Shellcheck: a static analysis tool for shell scripts

dpina · on Feb 5, 2015

Just spent some time sending my scripts to this site for it to analyse and see what it does. I can see that while it wasn't be able to tell me of more efficient code to achieve my goal (wasn't really hopping for that), it did spot 1) one liners where some commands are not needed, 2) variables which are not used, 3) where I should use double quotes to prevent word splitting and 4) lines where my ssh was eating up my stdin.

What a great sanity check for the days when I'm writing something on my own without a second pair of eyes to proof-read it.

Chico75 · on Feb 5, 2015

Combine it with the sublime text plugin (https://github.com/SublimeLinter/SublimeLinter-shellcheck) and you got real time static analysis while without your shell scripts !

lilyball · on Feb 5, 2015

Shellcheck is great. The Vim Syntastic plugin already knows about Shellcheck so if you use Syntastic and install Shellcheck you'll automatically start getting warnings on your code.

BTW, it can be a little hard to figure this out, but if Shellcheck gives you a warning that you want to ignore (because you intended to trigger that behavior), you can put the following comment above the offending line:

  # shellcheck disable=SC1234

where "SC1234" is replaced with the actual error code that Shellcheck gives.

Munksgaard · on Feb 5, 2015

This looks very helpful: bash scripts are notoriously difficult to get right. I wish it'd suggest best practices like `set -e` and the like though.

koala_man · on Feb 5, 2015

The jury's still out on whether `set -e` is worth it.

On paper it sounds like it's equivalent to `on error goto 0`, making a script fail-fast -- which would have been awesome.

Instead, it makes a script fail sometimes for things that are sometimes errors. The rules for how and when are unexpected and unintuitive, several weird cases are described on http://mywiki.wooledge.org/BashFAQ/105

If enabling it just granted a free 50% chance of stopping on any given error, it would have been worth it, but it triggers on false positives as well.

vetrom · on Feb 5, 2015

Well, dealing with horrible exception handling is still better than just silently running off the edge on errors.

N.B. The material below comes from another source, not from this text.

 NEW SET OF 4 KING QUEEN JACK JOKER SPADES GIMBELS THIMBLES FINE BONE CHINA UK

Much like any language, you need to read and understand it to be able to truly write, I think. bash is deceptive in this regard IMO, due to how low its barrier to entry is.

Now if you want to see some truly horrible code, implement a shell script that runs in bash and zsh and does exception printing in both.

nimrody · on Feb 5, 2015

The real problem with shell scripts is that they usually tie together a few external commands and tend to pass information around using the filesystem.

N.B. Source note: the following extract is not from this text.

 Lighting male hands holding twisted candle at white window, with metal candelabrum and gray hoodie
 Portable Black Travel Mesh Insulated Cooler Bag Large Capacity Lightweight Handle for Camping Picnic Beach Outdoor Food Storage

This, together with poor error handling is a recipe for disaster: Problems with permissions, insufficient disk space, etc. Instead of stopping when encountering an error, most shell scripts will happily continue break at some other point in time (or worse - destroy valuable data).

grymoire1 · on Feb 5, 2015

The emacs interface is very nice as well, using flycheck

reedlaw · on Feb 5, 2015

I ran it against a deploy script generated by Mina [1]. Only a few deprecation warnings and notes about using find instead of ls to better handle non-alphanumeric filenames. I've learned a lot about error handling by reading Mina-generated scripts.

1. http://nadarei.co/mina/

rtpg · on Feb 5, 2015

Isn't this a pretty good argument against shell scripts? I feel like we've advanced far enough in PL research to think of something a bit safer

xiaq · on Feb 5, 2015

Time for advertisement! You might like elvish https://github.com/elves/elvish which proudly has optional typing and much more well-defined semantics than say, bash. This is work in progress though.

Advertisement aside, there is some inherit unsafety in shell scripts that cannot be easily resolved, namely the unsafety involved in interacting with external commands.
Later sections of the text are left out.